## Activity
Look below for the line containing "John Mortimer et". Write out that line and the rest through the last one, exactly as they appear, but without pictures.

****************

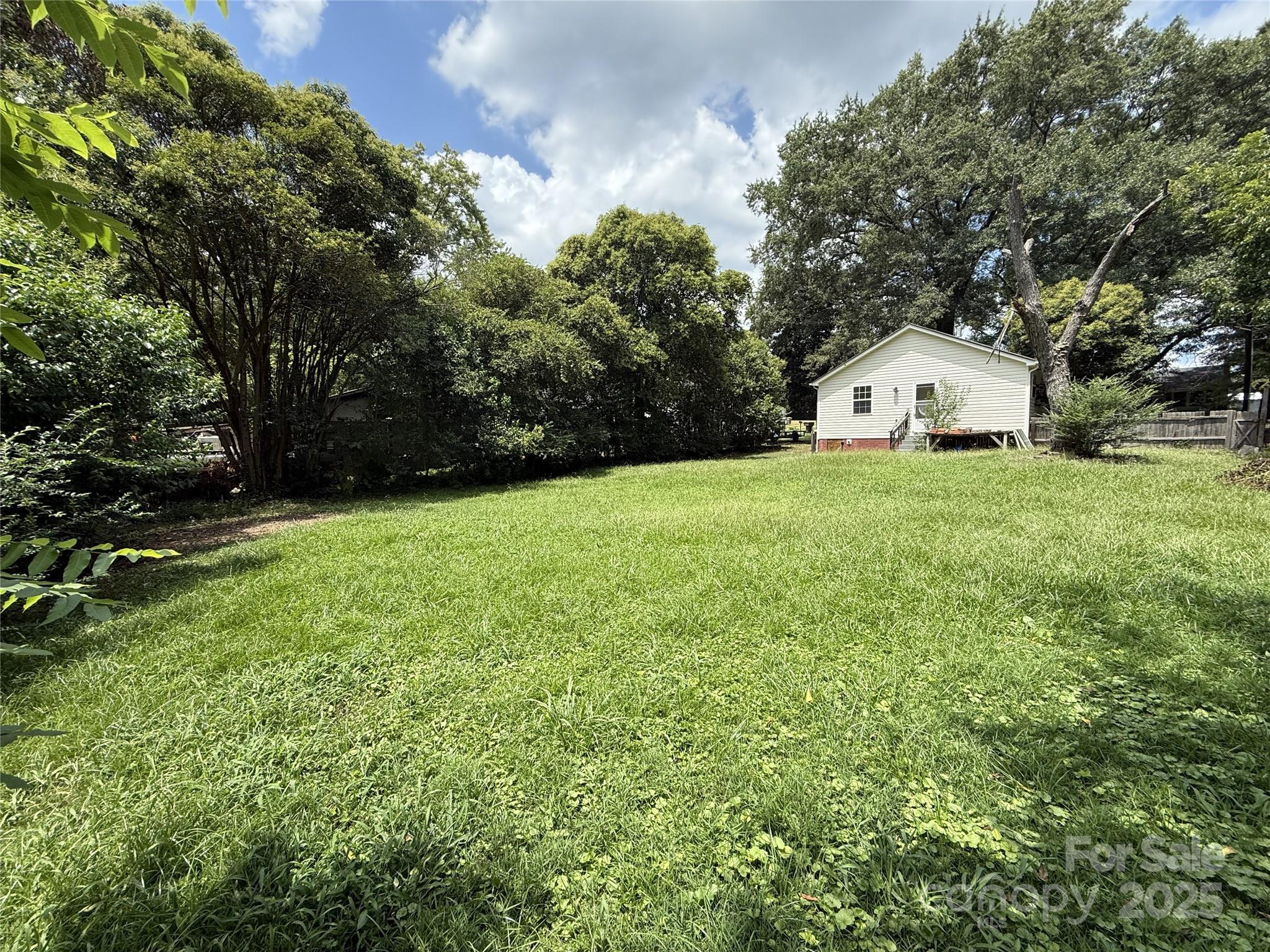 201 W 19th Street Property Photo 12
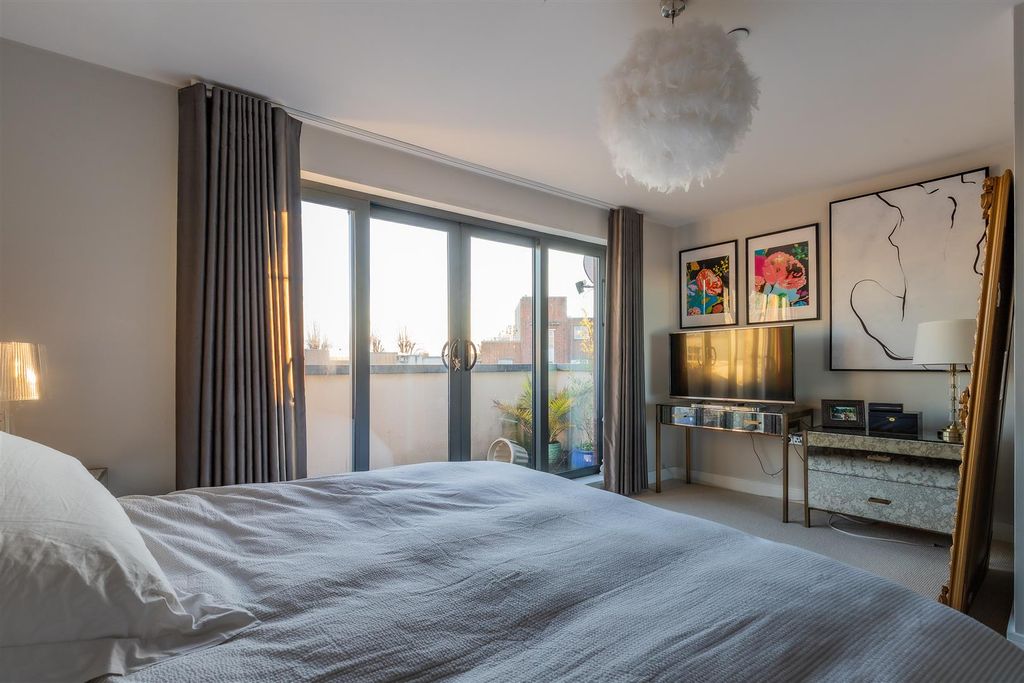 Additional image 17 of 4 bed property for saleConway Road, Pontcanna, Cardiff CF11
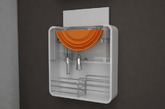 这个来自设计师 Oriol Barri 的浴室家具组合十分适合小空间使用，它由上下两个 16 厘米厚的壁挂模块构成，分别为镜子和水池。原本需要固定放置的水池被设计成能伸缩的“抽屉”，而镜子后面和水池下面都是隐藏的储物柜，最大化的利用了有限空间。（实习编辑：容少晖）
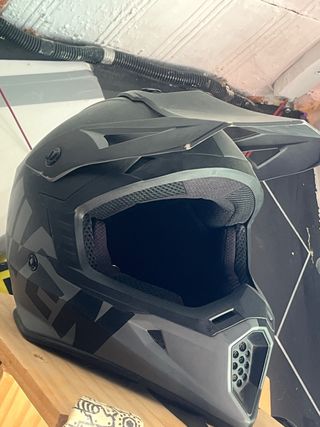 Casco Motocross Raven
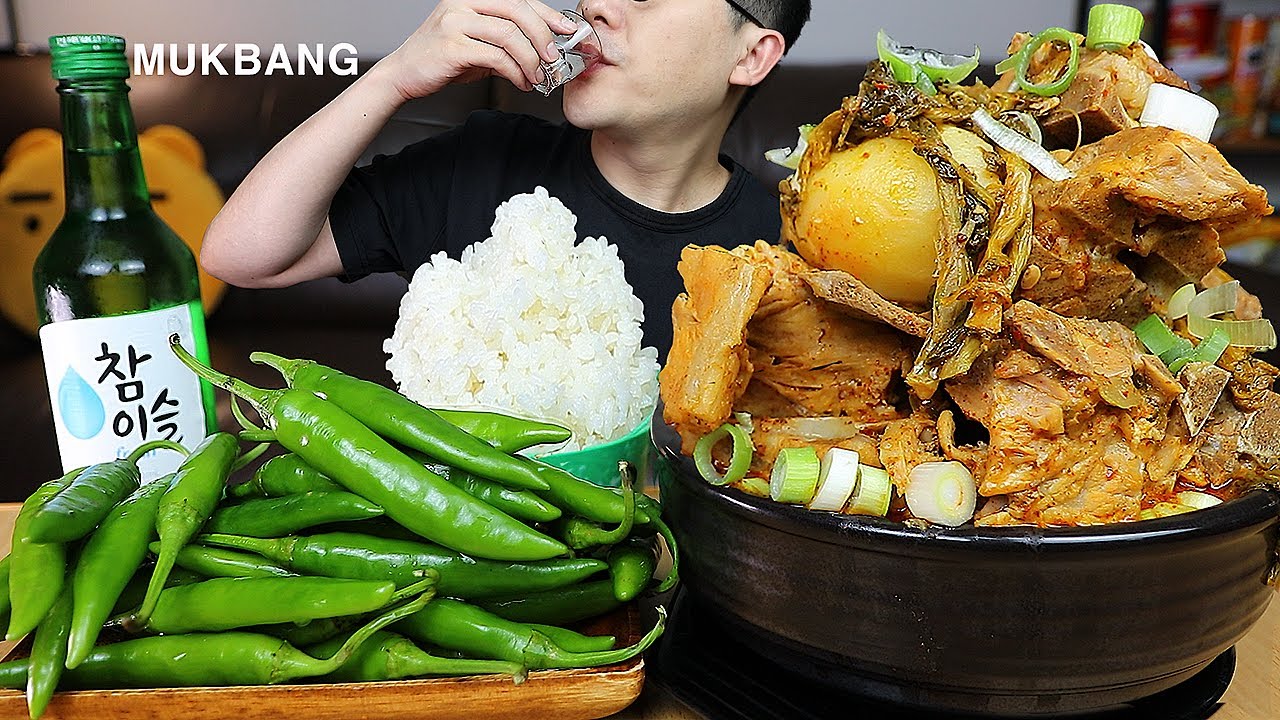 ASMR MUKBANGㅣPork Back-bone Stew & SPICY CHILIㅣEATING SHOW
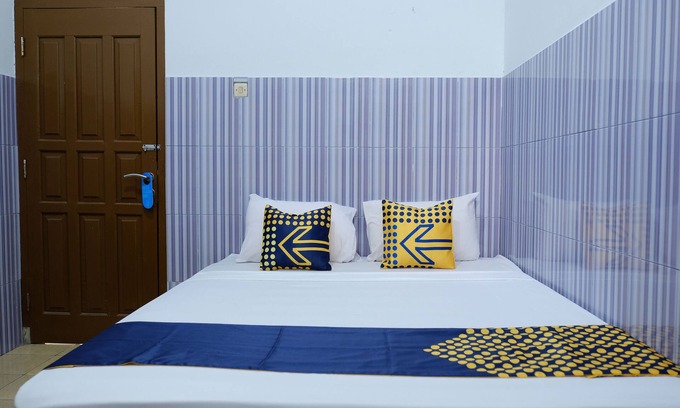 Tanjung Pandan Hotel | OYO 2766 Kezia Kost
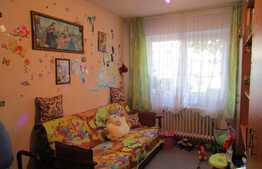 Apartament 3 camere, 70 mp, boxa, parcare, zona strazii Bucium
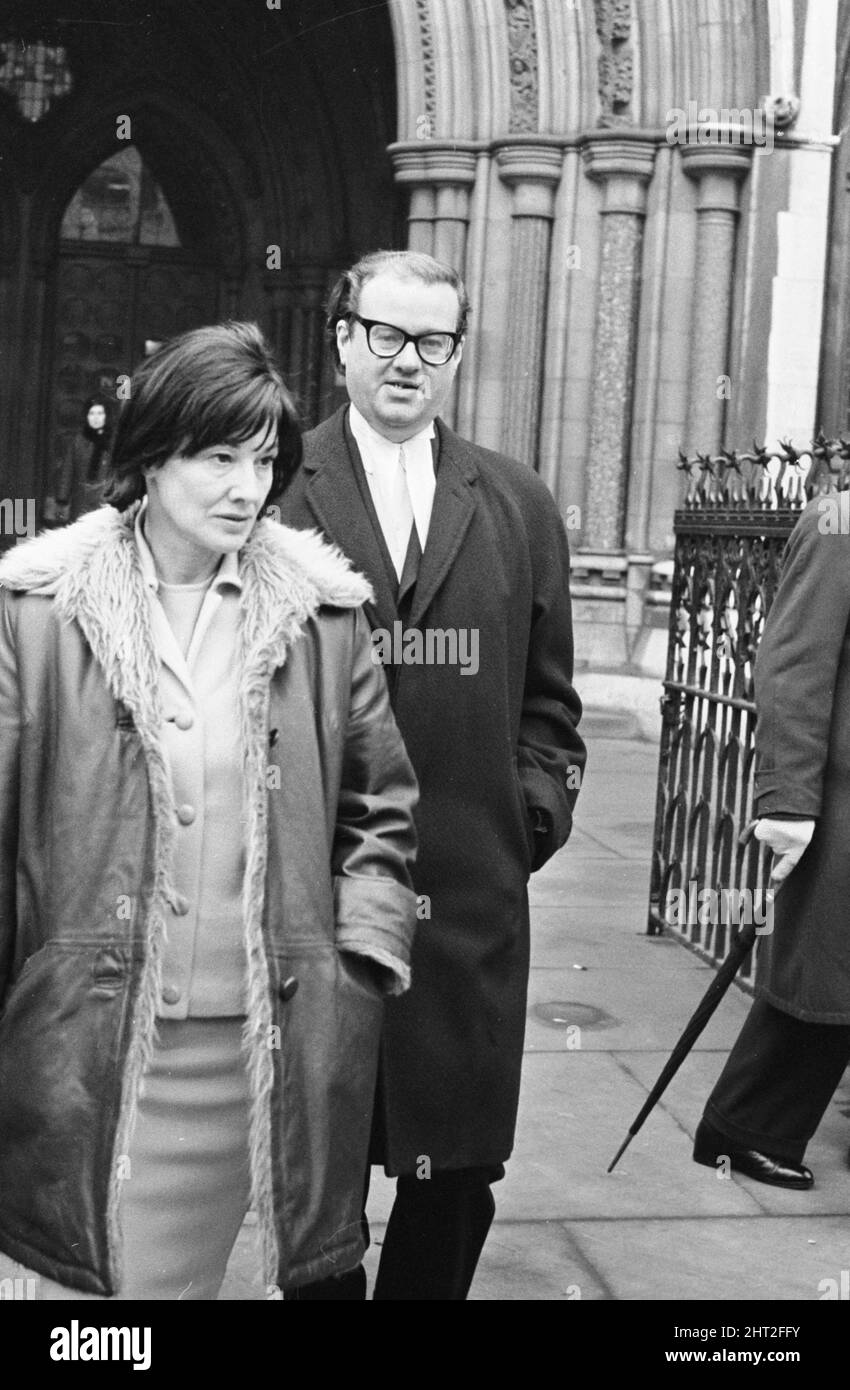 John Mortimer et sa femme ont été vus ici en quittant la High court dans le centre de Londres pendant les audiences de Fuld will. 10th février 1965 Banque D'Images
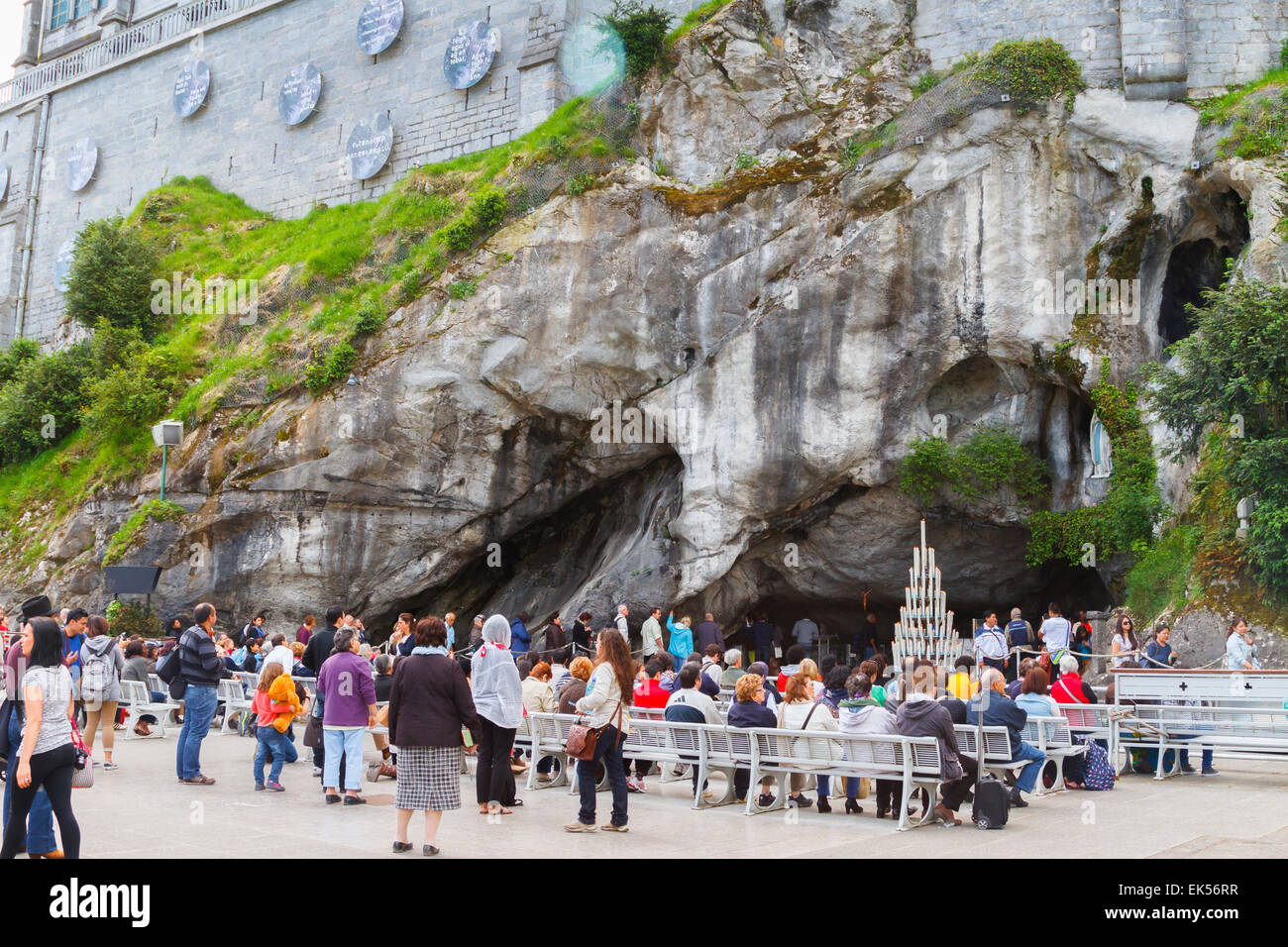 Grotte de Massabielle, statue de Notre Dame de Lourdes et de pèlerins. La ville de Lourdes. Région Midi-Pyrénées, France, Europe. Banque D'Images
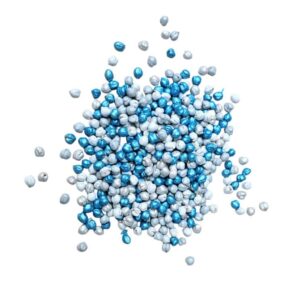Losse witte, zilverkleurige en blauwe SensoryFun kikkererwten Winter Wonderland op een witte achtergrond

****************

## Exercise result
 John Mortimer et sa femme ont été vus ici en quittant la High court dans le centre de Londres pendant les audiences de Fuld will. 10th février 1965 Banque D'Images
 Grotte de Massabielle, statue de Notre Dame de Lourdes et de pèlerins. La ville de Lourdes. Région Midi-Pyrénées, France, Europe. Banque D'Images
Losse witte, zilverkleurige en blauwe SensoryFun kikkererwten Winter Wonderland op een witte achtergrond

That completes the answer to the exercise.